Task prompt: In the lines below, find the one that contains "Sickness in the" and write it out exactly, along with every line that follows it.

[Stored data]
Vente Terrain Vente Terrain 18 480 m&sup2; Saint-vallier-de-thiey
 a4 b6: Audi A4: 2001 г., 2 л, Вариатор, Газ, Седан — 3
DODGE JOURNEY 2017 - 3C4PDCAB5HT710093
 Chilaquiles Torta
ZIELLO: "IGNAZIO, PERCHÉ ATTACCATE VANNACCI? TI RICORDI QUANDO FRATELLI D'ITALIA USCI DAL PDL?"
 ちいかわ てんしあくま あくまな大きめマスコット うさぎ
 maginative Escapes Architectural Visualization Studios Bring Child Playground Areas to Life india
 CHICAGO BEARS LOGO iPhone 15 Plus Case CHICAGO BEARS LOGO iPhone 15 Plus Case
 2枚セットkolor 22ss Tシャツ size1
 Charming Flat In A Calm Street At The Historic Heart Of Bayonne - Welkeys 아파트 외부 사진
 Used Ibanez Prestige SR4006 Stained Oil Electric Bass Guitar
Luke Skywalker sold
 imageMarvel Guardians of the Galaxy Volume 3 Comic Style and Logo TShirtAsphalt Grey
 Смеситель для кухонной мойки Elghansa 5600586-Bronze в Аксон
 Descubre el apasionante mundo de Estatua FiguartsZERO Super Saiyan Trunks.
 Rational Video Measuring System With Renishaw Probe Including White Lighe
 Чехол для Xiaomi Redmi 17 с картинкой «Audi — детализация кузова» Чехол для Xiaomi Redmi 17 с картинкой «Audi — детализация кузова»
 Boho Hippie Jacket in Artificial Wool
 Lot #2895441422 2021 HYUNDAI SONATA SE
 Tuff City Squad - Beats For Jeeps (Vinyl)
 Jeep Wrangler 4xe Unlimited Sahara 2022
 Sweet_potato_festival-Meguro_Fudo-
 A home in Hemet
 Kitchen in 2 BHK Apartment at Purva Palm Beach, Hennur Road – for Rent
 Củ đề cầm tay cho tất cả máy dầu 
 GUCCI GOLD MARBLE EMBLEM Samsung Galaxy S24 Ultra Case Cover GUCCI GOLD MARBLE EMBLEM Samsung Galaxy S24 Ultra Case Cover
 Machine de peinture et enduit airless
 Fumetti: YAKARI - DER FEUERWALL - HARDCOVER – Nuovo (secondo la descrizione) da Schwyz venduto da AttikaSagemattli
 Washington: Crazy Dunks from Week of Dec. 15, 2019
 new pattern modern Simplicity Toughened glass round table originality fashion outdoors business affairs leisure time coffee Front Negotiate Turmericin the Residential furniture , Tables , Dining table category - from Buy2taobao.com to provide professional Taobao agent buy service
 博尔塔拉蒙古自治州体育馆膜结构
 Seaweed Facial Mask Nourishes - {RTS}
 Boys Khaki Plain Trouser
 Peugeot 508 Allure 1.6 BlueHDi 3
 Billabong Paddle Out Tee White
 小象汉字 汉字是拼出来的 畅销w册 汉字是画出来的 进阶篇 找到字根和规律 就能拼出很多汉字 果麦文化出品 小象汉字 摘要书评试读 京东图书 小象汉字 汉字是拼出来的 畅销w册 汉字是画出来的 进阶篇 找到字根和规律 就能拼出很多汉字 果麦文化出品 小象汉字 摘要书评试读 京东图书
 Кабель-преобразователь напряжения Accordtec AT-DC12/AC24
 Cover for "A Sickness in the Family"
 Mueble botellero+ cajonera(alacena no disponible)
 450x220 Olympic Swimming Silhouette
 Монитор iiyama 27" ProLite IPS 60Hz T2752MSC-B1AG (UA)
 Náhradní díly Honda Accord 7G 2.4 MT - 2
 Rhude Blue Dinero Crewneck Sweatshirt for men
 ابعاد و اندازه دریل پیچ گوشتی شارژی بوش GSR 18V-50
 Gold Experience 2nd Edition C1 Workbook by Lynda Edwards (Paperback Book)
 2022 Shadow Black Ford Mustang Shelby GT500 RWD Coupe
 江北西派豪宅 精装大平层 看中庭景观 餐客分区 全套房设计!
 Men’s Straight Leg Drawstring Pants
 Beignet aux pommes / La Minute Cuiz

Response below:
 Cover for "A Sickness in the Family"
 Mueble botellero+ cajonera(alacena no disponible)
 450x220 Olympic Swimming Silhouette
 Монитор iiyama 27" ProLite IPS 60Hz T2752MSC-B1AG (UA)
 Náhradní díly Honda Accord 7G 2.4 MT - 2
 Rhude Blue Dinero Crewneck Sweatshirt for men
 ابعاد و اندازه دریل پیچ گوشتی شارژی بوش GSR 18V-50
 Gold Experience 2nd Edition C1 Workbook by Lynda Edwards (Paperback Book)
 2022 Shadow Black Ford Mustang Shelby GT500 RWD Coupe
 江北西派豪宅 精装大平层 看中庭景观 餐客分区 全套房设计!
 Men’s Straight Leg Drawstring Pants
 Beignet aux pommes / La Minute Cuiz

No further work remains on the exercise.